There are few things that intellectuals fear more than being thought naïve. And yet that very fear is often an impediment to apprehending the truth. Indeed, it may be the ultimate naïveté to think that one can encounter the truth—to say nothing of salvaging one’s humanity—without regular recourse to the simple receptiveness of something very like naïveté. Wilson, like many modern prophets of suspicion, tells us that religion has, strictly speaking, become incredible in the wake of thinkers like Nietzsche, Marx, Darwin, and Freud. God’s Funeral is meant to provide a dramatic enactment of how that supposed impossibility surfaced in the lives of certain Victorian writers. It does this quite well. But it does so at the expense of the larger religious issues Wilson raises.
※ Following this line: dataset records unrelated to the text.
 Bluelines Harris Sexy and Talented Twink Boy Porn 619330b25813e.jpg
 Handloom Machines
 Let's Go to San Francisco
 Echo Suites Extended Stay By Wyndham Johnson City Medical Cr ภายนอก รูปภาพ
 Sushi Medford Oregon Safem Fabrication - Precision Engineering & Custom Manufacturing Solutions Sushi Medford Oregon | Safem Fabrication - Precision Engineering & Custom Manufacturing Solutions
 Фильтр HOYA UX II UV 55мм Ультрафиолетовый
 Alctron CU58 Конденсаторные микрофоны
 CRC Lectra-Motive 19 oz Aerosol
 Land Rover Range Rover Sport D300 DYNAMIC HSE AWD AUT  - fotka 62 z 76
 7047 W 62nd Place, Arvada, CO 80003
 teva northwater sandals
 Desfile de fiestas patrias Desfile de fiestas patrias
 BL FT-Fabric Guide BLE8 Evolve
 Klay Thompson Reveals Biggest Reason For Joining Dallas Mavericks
As the Polish philosopher Leszek Kolakowski once observed,
religion is not a set of propositions, it is the realm of worship wherein understanding, knowledge, the feeling of participation in the ultimate reality (whether or not a personal god is meant) and moral commitment appear as a single act, whose subsequent segregation into separate classes of metaphysical, moral, and other assertions might be useful but is bound to distort the sense of the original act.
Wilson says many things which suggest that he agrees with Kolakowski. But he then takes it all back with declarations about the impossibility of honest faith in the modern age. “The truth,” he says in his preface “can’t be resisted, of course”—meaning the truths furnished by science and scholarship in explaining various things about the way the world works. In one sense he is correct. The truths of science are irresistible when the question is “How?” or “What?” When one ventures upon “Why?,” however, science is no guide at all. To think otherwise is to make a fetish out of science, to transform it from an instrument of knowledge into an instrument of mystification: scientism, not science. It is curious that Nietzsche, the great enemy of Christianity who, after he went mad, took to signing himself “the Anti-Christ,” should have seen this with such clarity. “Science,” Nietzsche wrote in an early essay,
probes the processes of nature, but it can never command men. Science knows nothing of taste, love, pleasure, displeasure, exaltation, or exhaustion. Man must in some way interpret, and thereby evaluate, what he lives through and experiences. Religions gain their power by being standards of value, criteria. An event appears in a different light when looked at from the point of view of myth. Religious interpretations have this to be said for them: that they measure life according to human ideals.
Discussing Benjamin Jowett, the famous master of Balliol and translator of Plato, Wilson tells us he exhibited “that rather attractive mixture, a person of profound religious feeling and a skeptical cast of mind.” It is clearly a commendation that Wilson wishes for himself. Wilson really is a man of profound religious sensibility. But in his desire to appear sufficiently skeptical—sufficiently clever—he has allowed smugness to blunt that sensibility and warp his judgment. In his discussion of Matthew Arnold, Wilson imagines what would have happened had God been called upon to review Arnold’s Literature and Dogma. The results are not favorable to Arnold. But what if God were asked to review God’s Funeral? The notice, I fancy, would be short—a single line, perhaps, quoted from another notable skeptic: “Reports of my death have been greatly exaggerated.”